= Plenty (play) =

Play by David Hare

Plenty is a play by David Hare, first performed in 1978, about British post-war disillusion. The inspiration for Plenty came from the fact that 75 per cent of the women engaged in wartime SOE operations divorced in the immediate post-war years; the title is derived from the idea that the post-war era would be a time of "plenty", which proved untrue for most of England.

== Productions ==
Directed by the playwright, Plenty premiered in the Lyttelton Theatre on London's South Bank on 7 April 1978, featuring Kate Nelligan as Susan, the protagonist, and Stephen Moore as Raymond. It was nominated for the Olivier Award as Play of the Year and Nelligan as Best Actress in a New Play, losing to Whose Life is it Anyway? and Joan Plowright in Filumena.

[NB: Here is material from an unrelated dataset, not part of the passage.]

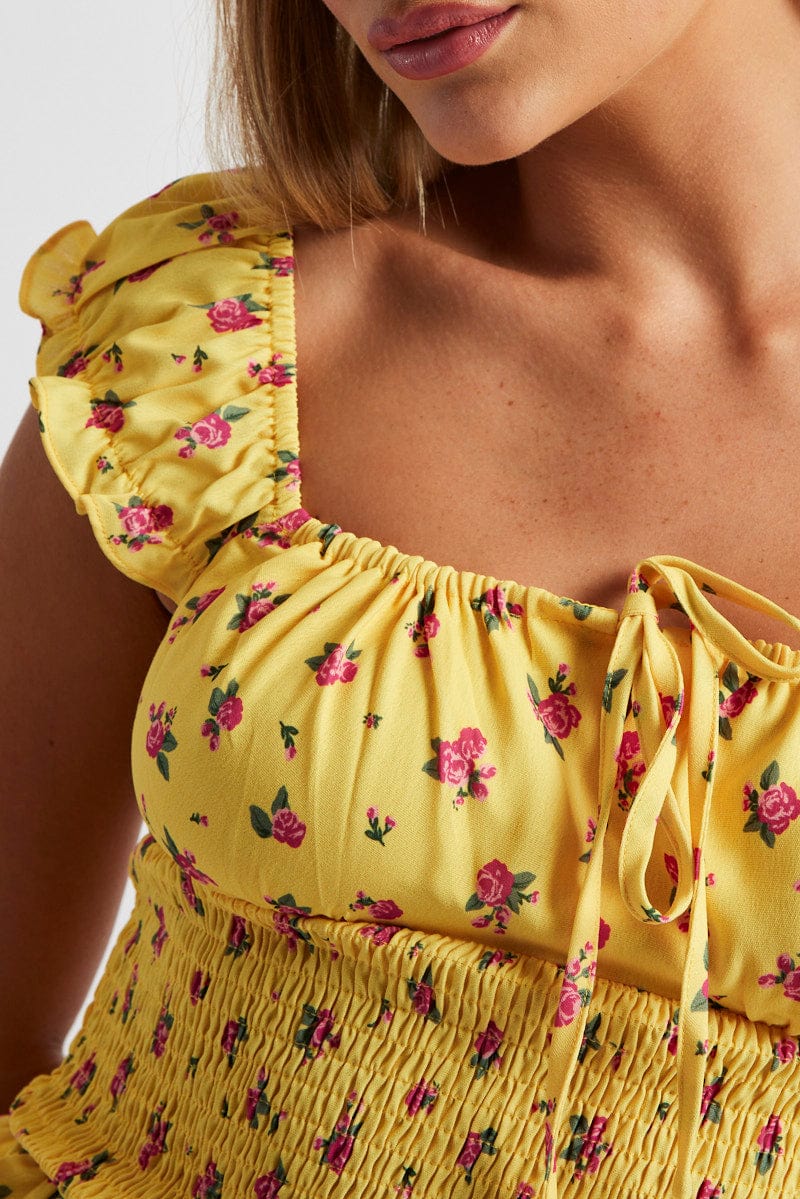 Yellow Floral Puff Sleeve Top Short Sleeve - Image 6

The play premiered Off-Broadway on 21 October 1982, at the Public Theater, where it ran for 45 performances. Directed by Hare, Nelligan reprised the role of Susan, supported by Kelsey Grammer and Dominic Chianese. The play opened on Broadway (directed by Hare) on 6 January 1983 at the Plymouth Theatre, running for 92 performances and eleven previews. Nelligan was joined by Edward Herrmann, Daniel Gerroll, Madeleine Potter and George N. Martin.

In 1985, Hare's film adaptation was directed by Fred Schepisi, with Meryl Streep as Susan, and Charles Dance, Tracey Ullman, John Gielgud, Sting, Ian McKellen, and Sam Neill in supporting roles. Ullman and Gielgud were nominated for BAFTA Awards, and Gielgud was named Best Supporting Actor by the Los Angeles Film Critics Association and the National Society of Film Critics.

In 1999, Cate Blanchett played Susan in a production in London's Albery Theatre. From 3 to 26 February 2011 the play was revived at the Crucible Theatre as part of a David Hare season (alongside Racing Demon and The Breath of Life), featuring Hattie Morahan, Edward Bennett and Bruce Alexander.

The play was revived Off-Broadway at The Public Theater, opening on 20 October 2016. David Leveaux directed, with the cast that starred Rachel Weisz as Susan Traherne and Corey Stoll as Raymond Brock. The 1978, 1982, 1983 and 1999 scripts were all examined and Hare was consulted as the production took shape.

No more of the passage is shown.